Provo City Council members discussed parking, housing, recycling and public transportation with students, faculty members and local residents at the Policy Discussion Lunch in the Wilkinson Student Center earlier this week.
The council members usually have policy discussion lunches at the City Hall. This discussion was brought to BYU to increase student involvement, according to council member Kim Santiago.
City council members Santiago, Gary Winterton, Dave Knecht, Kay Van Buren, Dave Harding and Dave Sewell attended the meeting.
Kim Santiago’s intern and BYU student Collyn Mosquito, led the discussion by asking the council members questions students had submitted.
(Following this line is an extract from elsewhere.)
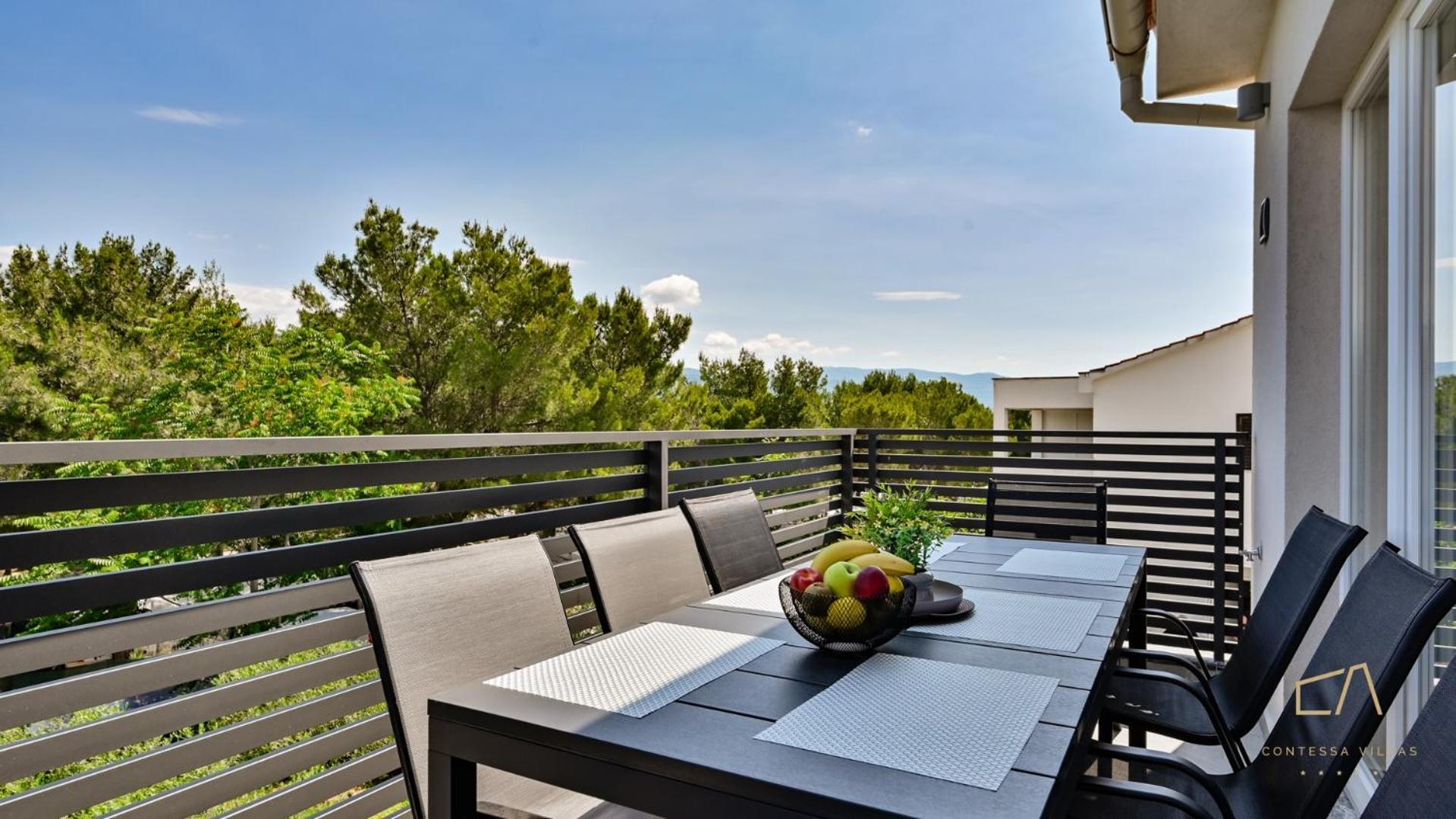 Luxury Apartments Villa Lacrima Сило Экстерьер фото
Then, the council let attendees voice concerns and ask questions.
The following includes questions asked along with answers given by council members.
How can students contribute to local policy meetings?
Sewell said students can contribute by getting to know the council member who represents them — either in person, by phone or by email. Sewell said getting one council member involved can lead to action on students’ concerns.
“Find a council member who will engage with you on your issue,” Sewell said.
Harding encouraged students to engage with Provo’s local government, even if they only live in Provo for a few years. He said current students both benefit and suffer from the engagement — or lack of engagement — of previous BYU students.
“Do your part and make life better for the students beyond,” Harding said.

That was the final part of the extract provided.